[Exercise details]
Scan the listing and work out how many lines contain the word "Skoda". Nothing but the number should be given.

╭──

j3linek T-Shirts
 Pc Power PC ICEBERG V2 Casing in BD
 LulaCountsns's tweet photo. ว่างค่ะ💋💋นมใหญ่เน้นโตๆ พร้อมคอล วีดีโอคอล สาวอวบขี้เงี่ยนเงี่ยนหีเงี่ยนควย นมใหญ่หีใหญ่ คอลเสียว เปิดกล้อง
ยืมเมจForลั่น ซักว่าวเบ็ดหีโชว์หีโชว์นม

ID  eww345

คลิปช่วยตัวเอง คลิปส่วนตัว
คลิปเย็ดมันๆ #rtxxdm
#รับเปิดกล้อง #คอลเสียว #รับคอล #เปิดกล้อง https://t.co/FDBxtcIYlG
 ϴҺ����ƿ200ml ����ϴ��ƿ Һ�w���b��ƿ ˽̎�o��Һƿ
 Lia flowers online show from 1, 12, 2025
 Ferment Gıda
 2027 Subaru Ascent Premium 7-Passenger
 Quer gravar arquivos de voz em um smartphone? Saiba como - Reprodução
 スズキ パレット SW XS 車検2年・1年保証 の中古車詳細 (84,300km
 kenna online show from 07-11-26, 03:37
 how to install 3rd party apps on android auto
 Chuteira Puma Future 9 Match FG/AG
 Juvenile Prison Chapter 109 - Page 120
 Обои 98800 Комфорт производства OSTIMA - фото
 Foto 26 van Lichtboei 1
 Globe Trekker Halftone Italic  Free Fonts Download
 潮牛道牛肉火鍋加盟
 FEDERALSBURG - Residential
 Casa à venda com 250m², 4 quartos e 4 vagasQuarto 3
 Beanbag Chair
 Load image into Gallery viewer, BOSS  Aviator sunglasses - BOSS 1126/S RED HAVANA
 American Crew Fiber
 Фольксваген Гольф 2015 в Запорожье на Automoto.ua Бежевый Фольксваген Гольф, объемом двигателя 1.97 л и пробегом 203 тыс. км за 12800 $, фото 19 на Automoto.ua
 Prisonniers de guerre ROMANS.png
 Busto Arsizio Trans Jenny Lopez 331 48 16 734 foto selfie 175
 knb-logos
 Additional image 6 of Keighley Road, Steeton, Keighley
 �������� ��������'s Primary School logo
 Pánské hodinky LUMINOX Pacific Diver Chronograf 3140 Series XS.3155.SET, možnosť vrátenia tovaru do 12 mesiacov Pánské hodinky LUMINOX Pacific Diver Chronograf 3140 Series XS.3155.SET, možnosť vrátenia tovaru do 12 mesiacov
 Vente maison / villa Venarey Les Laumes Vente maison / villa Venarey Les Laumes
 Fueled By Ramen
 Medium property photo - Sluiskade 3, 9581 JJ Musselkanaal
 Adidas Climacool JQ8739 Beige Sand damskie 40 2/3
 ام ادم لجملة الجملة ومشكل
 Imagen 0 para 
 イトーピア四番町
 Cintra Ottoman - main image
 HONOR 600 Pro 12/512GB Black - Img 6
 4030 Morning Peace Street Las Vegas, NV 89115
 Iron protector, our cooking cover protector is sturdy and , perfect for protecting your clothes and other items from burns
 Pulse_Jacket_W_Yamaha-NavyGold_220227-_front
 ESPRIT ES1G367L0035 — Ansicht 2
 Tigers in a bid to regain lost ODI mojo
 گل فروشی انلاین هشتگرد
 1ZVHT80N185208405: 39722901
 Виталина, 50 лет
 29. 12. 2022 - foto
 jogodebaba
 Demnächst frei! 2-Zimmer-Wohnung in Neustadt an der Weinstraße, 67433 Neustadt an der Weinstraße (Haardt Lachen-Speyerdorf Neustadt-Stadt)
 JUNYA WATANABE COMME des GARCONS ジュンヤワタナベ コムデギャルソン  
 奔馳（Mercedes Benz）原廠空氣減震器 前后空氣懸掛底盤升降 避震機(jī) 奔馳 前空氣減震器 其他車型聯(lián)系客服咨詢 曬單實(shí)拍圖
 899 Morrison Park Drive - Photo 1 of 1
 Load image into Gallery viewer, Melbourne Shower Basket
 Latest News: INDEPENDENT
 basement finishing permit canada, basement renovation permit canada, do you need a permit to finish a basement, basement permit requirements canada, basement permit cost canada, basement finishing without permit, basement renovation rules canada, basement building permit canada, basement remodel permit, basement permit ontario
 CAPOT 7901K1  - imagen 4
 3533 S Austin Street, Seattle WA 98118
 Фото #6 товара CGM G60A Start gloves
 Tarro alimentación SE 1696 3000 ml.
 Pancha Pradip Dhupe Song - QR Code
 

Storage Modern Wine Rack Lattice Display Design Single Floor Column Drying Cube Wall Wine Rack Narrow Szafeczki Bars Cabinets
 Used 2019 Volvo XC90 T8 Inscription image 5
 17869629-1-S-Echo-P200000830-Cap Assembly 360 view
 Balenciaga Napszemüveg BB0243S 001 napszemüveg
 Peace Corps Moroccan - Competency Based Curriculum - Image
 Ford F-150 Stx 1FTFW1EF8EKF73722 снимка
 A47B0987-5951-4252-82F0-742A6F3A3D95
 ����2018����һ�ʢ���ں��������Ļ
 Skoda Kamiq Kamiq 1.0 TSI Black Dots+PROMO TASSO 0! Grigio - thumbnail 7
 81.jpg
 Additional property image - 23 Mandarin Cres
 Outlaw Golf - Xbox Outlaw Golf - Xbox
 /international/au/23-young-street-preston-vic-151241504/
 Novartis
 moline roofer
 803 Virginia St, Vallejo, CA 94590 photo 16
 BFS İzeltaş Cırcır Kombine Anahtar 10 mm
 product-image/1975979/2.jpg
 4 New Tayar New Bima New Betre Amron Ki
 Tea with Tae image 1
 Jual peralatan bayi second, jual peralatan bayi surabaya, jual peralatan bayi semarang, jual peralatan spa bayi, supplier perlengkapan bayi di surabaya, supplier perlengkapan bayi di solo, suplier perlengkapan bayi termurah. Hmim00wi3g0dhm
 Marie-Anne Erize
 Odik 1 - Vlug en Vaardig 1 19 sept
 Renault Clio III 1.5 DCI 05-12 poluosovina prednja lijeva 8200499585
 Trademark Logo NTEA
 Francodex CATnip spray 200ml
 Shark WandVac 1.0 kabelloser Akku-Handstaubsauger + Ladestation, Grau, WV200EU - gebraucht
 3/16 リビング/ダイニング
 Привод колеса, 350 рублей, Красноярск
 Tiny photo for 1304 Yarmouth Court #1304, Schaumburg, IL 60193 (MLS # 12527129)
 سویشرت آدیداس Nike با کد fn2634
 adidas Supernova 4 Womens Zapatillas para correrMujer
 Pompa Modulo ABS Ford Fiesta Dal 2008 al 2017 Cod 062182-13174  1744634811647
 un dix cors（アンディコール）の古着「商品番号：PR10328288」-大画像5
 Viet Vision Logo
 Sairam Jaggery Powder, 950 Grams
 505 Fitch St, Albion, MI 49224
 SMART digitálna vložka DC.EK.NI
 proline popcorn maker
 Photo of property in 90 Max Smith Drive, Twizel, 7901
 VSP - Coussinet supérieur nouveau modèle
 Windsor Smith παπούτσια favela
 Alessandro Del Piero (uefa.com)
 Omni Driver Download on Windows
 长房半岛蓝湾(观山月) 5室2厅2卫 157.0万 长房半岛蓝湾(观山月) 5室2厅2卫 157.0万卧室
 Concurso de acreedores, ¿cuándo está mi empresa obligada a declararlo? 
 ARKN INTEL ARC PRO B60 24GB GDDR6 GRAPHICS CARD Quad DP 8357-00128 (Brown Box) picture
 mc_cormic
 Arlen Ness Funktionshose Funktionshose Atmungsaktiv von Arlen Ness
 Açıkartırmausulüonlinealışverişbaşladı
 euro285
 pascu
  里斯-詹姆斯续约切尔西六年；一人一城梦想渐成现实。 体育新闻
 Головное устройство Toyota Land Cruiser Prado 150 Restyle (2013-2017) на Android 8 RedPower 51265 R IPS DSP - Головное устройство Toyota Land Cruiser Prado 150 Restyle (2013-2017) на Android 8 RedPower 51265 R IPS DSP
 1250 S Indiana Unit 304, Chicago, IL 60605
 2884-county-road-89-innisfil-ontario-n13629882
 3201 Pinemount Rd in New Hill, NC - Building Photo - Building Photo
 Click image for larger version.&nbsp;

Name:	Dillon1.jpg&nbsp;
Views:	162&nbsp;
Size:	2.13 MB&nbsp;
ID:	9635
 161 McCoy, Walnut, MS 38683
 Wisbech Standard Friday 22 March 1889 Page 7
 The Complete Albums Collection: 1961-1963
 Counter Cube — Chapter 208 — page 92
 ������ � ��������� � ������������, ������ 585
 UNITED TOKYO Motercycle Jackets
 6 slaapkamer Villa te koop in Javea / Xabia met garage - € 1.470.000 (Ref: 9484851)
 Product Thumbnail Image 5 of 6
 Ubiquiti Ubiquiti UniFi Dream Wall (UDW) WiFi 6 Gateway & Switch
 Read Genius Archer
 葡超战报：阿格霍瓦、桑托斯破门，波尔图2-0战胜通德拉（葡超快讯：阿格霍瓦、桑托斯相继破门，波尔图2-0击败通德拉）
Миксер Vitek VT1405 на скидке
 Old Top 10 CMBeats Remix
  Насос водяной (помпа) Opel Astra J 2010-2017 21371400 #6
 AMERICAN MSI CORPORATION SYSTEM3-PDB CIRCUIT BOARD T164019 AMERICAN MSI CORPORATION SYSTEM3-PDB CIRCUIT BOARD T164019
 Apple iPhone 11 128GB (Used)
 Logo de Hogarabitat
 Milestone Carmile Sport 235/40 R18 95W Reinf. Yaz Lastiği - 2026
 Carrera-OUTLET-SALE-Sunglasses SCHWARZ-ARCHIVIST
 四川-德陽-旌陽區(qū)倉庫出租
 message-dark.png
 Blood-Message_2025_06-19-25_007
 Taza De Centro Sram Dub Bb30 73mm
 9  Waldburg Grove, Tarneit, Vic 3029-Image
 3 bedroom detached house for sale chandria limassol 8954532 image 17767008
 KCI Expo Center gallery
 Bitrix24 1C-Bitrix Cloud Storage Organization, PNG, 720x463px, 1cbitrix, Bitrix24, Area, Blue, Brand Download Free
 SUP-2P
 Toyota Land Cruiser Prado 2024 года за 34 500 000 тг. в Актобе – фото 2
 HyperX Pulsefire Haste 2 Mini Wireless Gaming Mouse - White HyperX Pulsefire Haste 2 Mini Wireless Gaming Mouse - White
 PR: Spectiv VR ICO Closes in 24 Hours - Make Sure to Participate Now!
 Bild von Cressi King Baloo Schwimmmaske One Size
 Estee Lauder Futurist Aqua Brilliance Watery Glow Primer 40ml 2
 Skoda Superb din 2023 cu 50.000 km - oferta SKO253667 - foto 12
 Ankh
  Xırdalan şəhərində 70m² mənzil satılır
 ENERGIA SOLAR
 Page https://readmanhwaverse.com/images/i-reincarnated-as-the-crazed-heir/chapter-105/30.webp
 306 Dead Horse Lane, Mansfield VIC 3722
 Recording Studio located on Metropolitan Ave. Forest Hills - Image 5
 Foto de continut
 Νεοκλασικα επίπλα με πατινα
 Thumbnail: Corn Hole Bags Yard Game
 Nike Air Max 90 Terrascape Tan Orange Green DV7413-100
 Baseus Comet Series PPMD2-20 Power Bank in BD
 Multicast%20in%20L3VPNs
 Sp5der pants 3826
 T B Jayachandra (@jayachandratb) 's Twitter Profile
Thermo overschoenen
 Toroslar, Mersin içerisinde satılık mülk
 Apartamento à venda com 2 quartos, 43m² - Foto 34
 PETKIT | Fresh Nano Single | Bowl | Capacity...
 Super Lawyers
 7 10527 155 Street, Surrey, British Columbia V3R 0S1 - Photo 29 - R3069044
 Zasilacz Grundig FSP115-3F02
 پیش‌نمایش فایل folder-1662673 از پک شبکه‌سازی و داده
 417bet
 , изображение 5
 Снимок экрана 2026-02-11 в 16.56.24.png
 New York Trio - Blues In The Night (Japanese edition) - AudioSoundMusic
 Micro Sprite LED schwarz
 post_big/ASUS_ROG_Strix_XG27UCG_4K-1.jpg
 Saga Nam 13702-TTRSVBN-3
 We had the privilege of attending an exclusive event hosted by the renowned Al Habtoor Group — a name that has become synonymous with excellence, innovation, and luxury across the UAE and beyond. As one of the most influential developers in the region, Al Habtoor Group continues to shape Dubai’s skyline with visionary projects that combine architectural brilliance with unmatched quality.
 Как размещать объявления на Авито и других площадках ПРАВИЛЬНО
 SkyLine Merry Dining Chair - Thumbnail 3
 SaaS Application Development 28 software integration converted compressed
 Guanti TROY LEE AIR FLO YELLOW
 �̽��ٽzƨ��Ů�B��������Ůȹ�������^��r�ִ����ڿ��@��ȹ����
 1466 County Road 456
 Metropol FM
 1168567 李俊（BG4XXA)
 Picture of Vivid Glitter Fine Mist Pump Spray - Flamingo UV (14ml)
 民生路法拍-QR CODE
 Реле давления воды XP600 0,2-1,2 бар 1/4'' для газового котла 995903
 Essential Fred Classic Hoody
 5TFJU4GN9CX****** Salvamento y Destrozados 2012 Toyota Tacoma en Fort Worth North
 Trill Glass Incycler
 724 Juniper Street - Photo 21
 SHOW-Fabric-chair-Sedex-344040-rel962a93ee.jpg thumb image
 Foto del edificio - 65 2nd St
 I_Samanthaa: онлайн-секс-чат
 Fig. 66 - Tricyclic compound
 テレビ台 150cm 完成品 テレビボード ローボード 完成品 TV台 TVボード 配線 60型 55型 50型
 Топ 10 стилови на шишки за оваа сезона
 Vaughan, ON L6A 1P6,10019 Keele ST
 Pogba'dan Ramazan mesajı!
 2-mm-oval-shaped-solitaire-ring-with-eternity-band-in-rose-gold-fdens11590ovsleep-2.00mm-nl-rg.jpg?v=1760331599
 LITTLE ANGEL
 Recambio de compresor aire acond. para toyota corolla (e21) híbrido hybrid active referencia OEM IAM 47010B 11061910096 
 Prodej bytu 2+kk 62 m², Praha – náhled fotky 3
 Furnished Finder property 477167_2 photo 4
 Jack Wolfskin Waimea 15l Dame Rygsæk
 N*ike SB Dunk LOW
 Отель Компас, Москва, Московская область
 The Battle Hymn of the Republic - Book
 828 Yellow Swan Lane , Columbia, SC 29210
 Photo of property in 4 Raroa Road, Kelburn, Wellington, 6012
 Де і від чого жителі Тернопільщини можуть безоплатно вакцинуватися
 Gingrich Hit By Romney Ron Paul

╰──

[Output for this task]
2